(Given entries Opens)

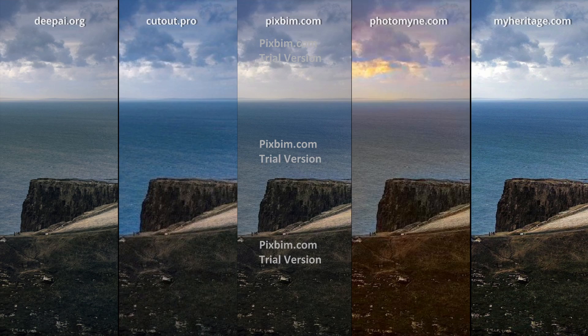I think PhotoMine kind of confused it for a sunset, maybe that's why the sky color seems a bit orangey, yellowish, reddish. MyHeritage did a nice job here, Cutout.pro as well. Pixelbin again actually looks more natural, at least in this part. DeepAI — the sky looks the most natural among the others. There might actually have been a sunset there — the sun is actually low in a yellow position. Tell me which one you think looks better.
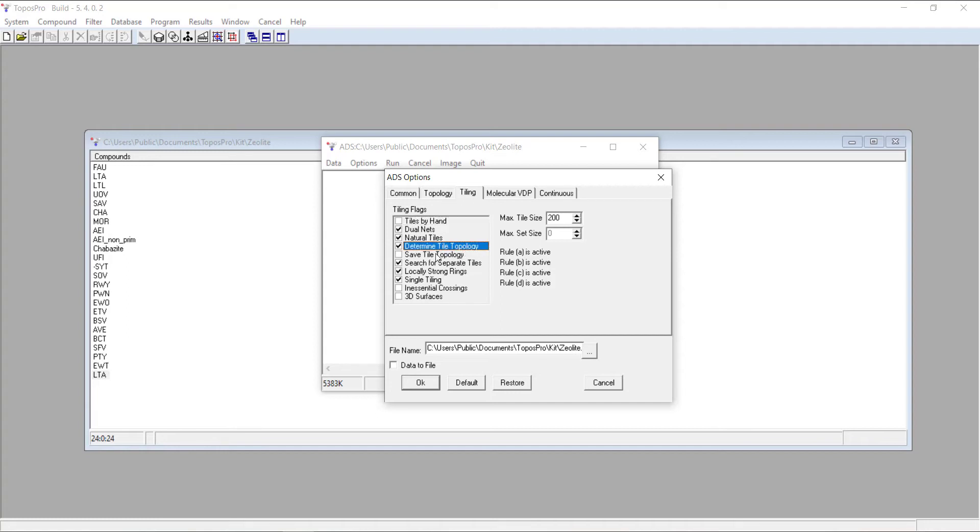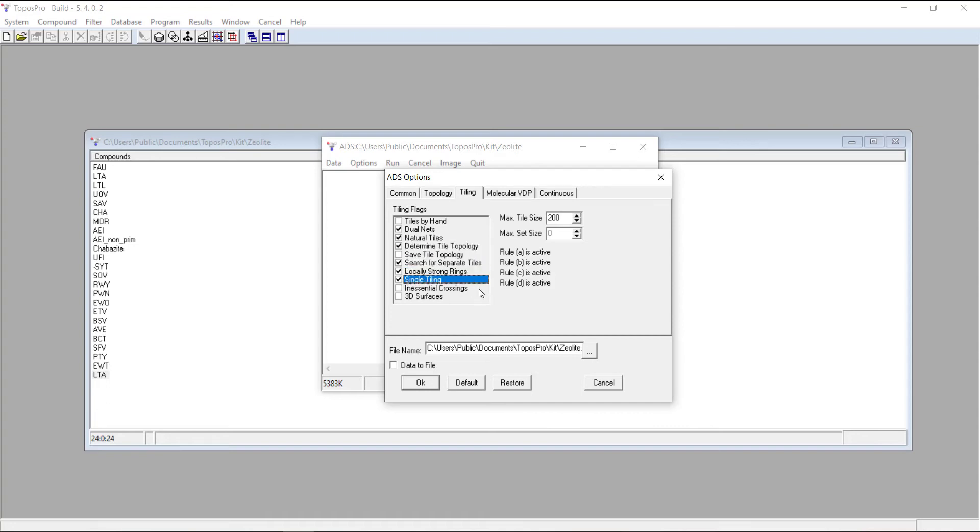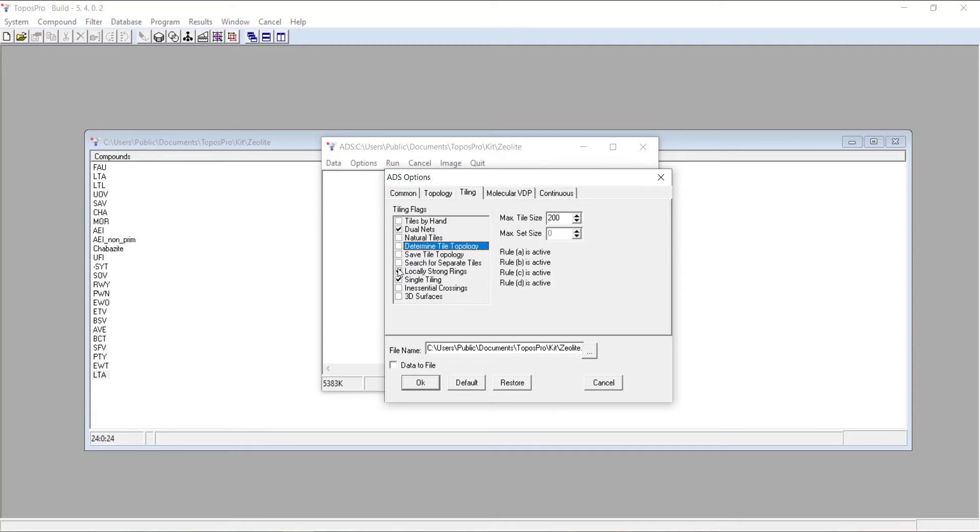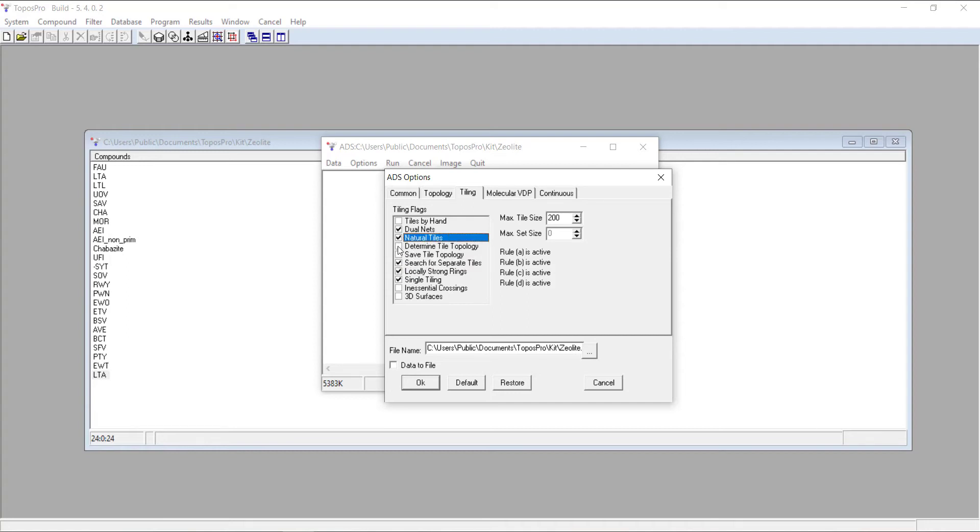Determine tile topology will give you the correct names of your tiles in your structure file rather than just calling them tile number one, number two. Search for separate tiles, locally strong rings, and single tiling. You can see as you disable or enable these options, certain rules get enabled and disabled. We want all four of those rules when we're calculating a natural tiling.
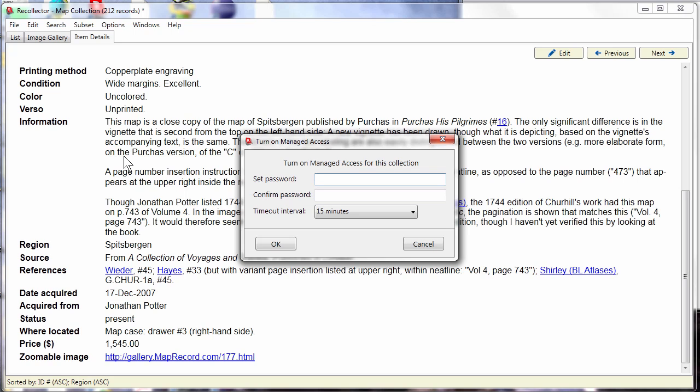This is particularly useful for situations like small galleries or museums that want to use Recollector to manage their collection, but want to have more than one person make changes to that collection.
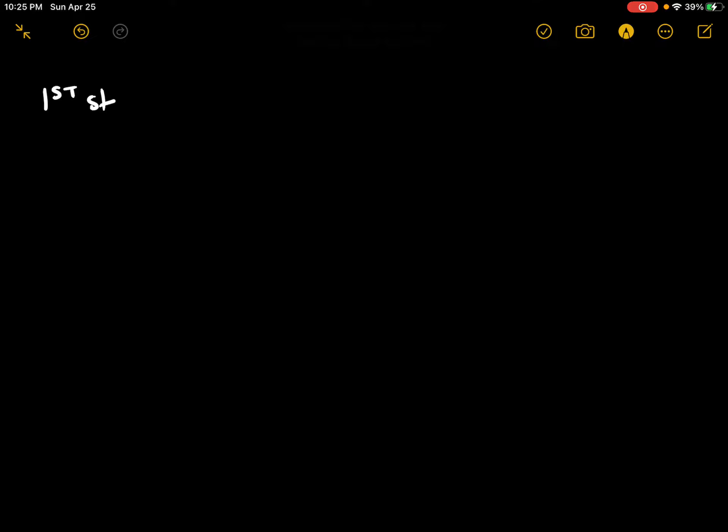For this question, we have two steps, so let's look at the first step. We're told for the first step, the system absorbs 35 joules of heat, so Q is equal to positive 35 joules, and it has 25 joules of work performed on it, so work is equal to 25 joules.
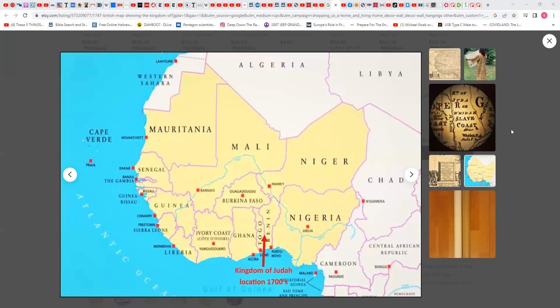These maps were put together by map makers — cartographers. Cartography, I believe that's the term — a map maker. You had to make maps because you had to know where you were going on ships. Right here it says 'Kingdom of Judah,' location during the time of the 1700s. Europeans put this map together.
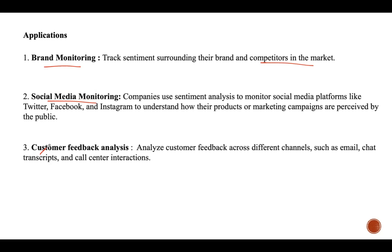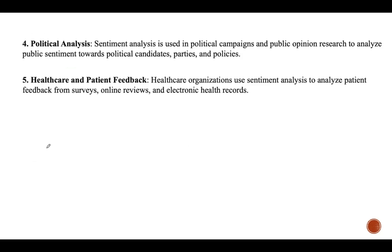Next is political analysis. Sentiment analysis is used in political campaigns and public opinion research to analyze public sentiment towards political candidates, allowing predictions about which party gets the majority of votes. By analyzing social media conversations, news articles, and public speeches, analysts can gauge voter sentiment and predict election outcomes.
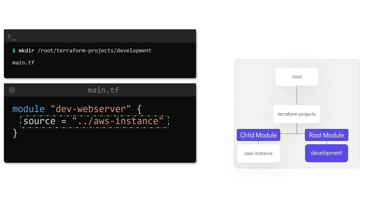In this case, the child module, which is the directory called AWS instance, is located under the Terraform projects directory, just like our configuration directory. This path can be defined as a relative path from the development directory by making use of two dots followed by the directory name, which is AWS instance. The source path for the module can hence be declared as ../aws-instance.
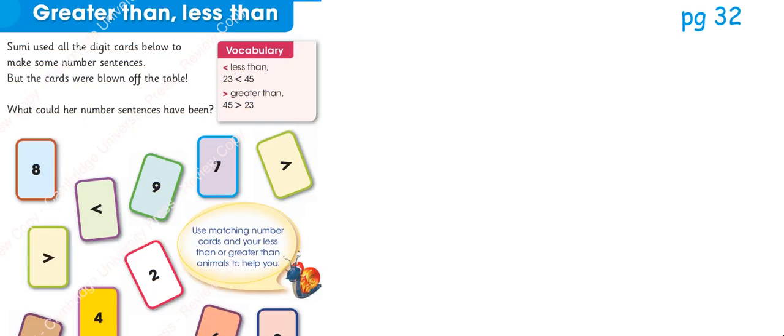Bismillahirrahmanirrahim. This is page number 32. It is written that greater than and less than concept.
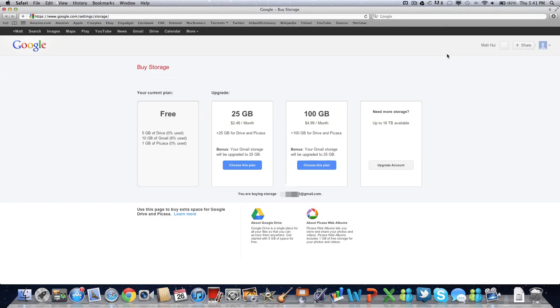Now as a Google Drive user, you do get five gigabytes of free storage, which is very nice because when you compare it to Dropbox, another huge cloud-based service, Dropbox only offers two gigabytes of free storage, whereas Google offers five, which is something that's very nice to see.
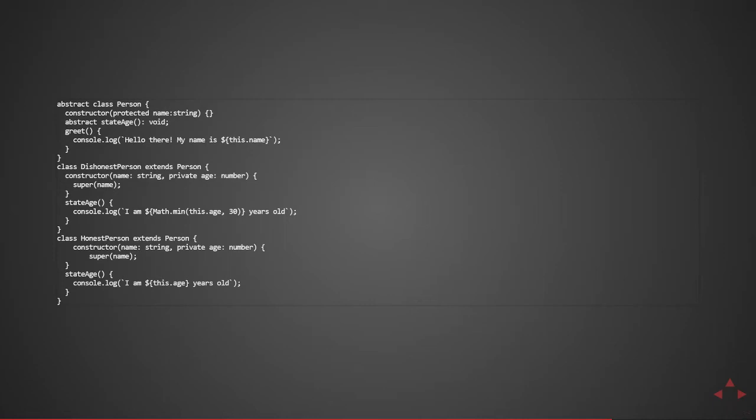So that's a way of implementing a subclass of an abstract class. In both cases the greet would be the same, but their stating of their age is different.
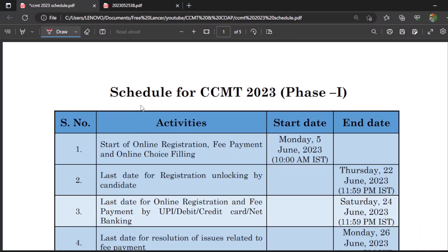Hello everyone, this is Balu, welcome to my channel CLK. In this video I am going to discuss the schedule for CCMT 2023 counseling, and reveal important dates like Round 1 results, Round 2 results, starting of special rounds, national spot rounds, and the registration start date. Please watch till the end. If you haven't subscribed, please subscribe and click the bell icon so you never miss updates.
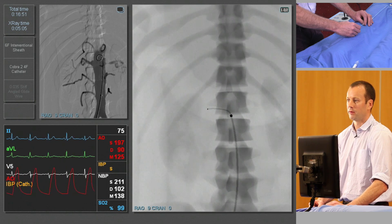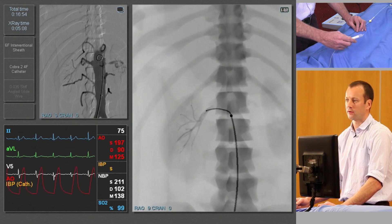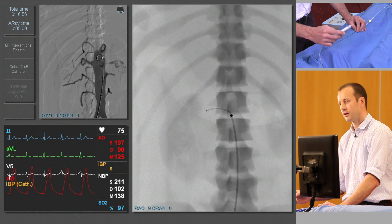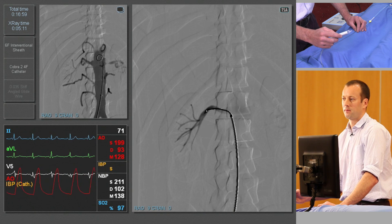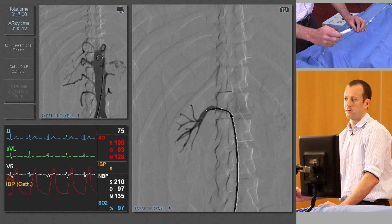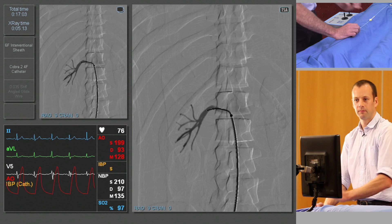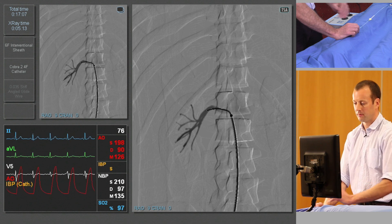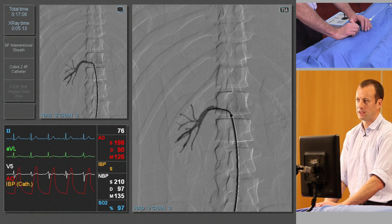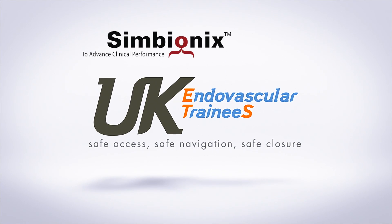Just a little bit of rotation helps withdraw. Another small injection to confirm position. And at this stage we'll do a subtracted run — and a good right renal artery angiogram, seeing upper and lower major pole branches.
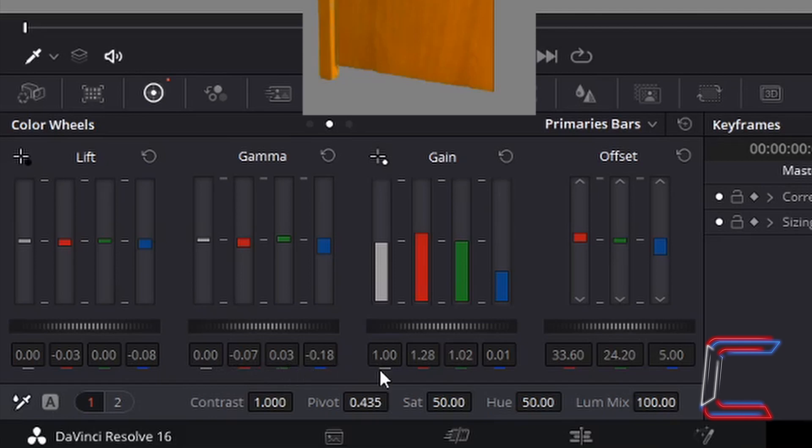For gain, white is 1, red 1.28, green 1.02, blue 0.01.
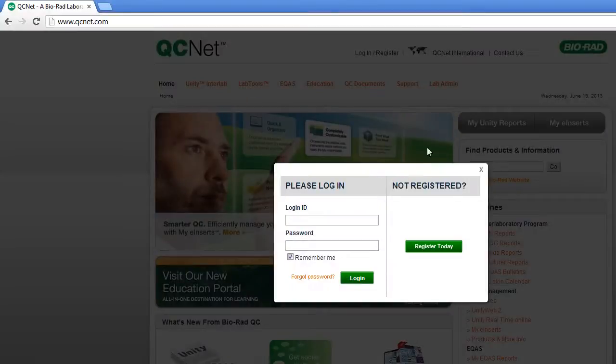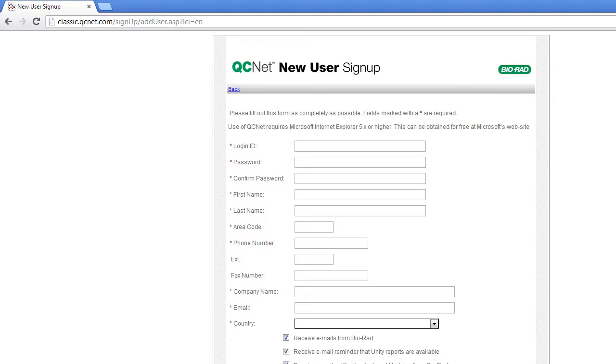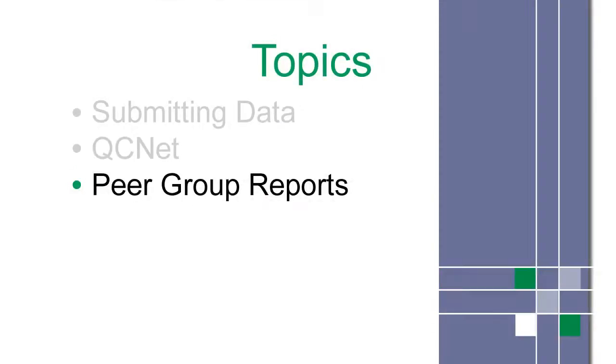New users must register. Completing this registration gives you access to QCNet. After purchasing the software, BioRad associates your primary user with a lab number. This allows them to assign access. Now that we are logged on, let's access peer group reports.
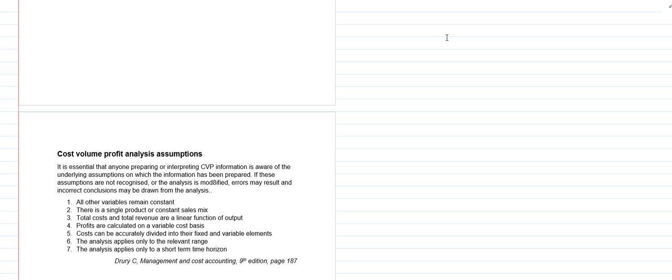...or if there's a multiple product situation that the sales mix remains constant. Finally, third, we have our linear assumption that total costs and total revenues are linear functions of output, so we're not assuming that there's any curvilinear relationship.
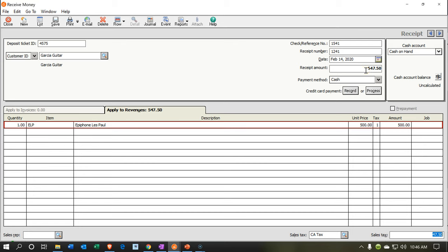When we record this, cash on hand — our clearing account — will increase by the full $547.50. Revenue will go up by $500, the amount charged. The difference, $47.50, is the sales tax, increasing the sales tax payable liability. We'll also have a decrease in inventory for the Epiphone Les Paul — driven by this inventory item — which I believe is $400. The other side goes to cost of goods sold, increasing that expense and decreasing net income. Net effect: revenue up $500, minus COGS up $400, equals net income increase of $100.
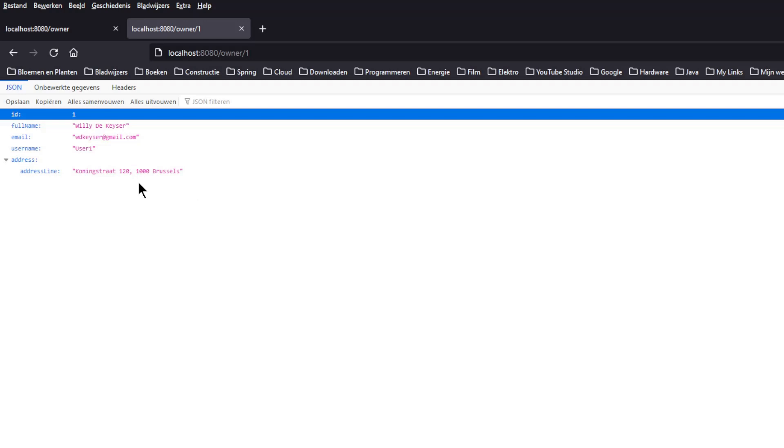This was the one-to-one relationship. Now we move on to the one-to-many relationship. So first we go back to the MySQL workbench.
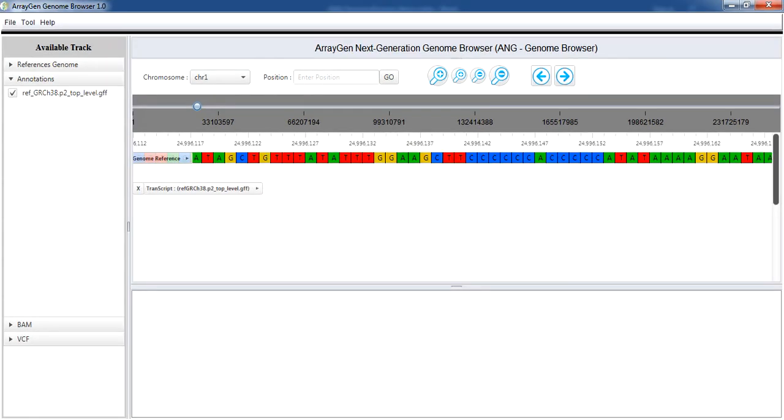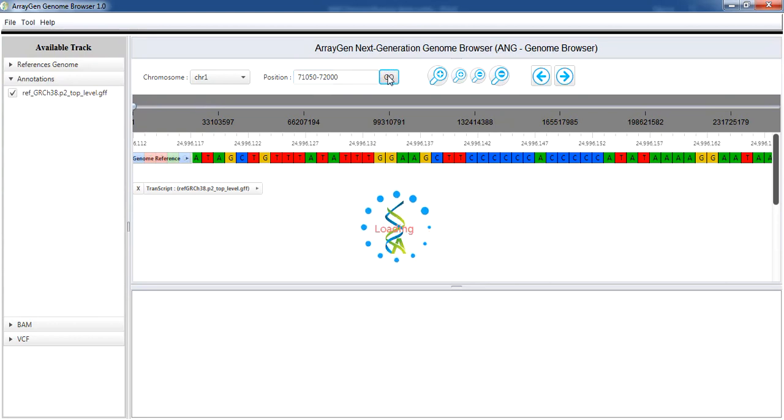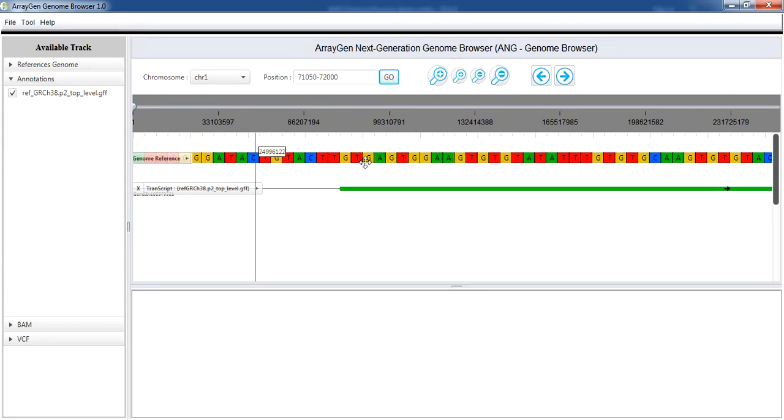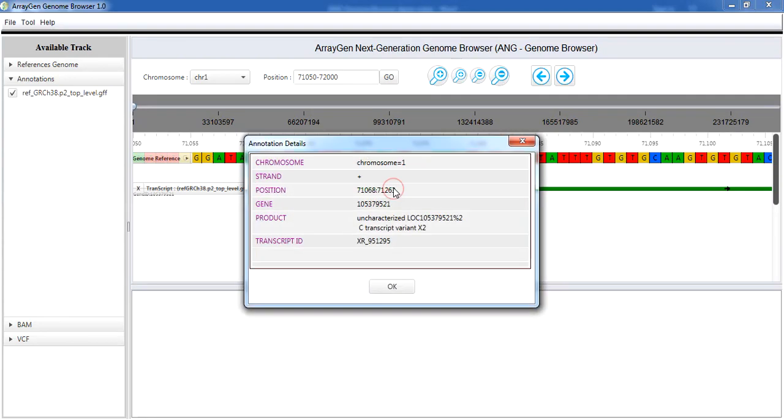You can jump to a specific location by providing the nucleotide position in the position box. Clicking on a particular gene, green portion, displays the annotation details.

(Given entries Closes)

▸ **What you should do**: Print, exactly and with no pictures, the lines of the listing above starting at the one that has "So that's a" and ending at the one that has "any curvilinear relationship.", both included.

▸ **Answer to the exercise**:
So that's a way of implementing a subclass of an abstract class. In both cases the greet would be the same, but their stating of their age is different.
Hello everyone, this is Balu, welcome to my channel CLK. In this video I am going to discuss the schedule for CCMT 2023 counseling, and reveal important dates like Round 1 results, Round 2 results, starting of special rounds, national spot rounds, and the registration start date. Please watch till the end. If you haven't subscribed, please subscribe and click the bell icon so you never miss updates.
Just a little bit of rotation helps withdraw. Another small injection to confirm position. And at this stage we'll do a subtracted run — and a good right renal artery angiogram, seeing upper and lower major pole branches.
For gain, white is 1, red 1.28, green 1.02, blue 0.01.
New users must register. Completing this registration gives you access to QCNet. After purchasing the software, BioRad associates your primary user with a lab number. This allows them to assign access. Now that we are logged on, let's access peer group reports.
...or if there's a multiple product situation that the sales mix remains constant. Finally, third, we have our linear assumption that total costs and total revenues are linear functions of output, so we're not assuming that there's any curvilinear relationship.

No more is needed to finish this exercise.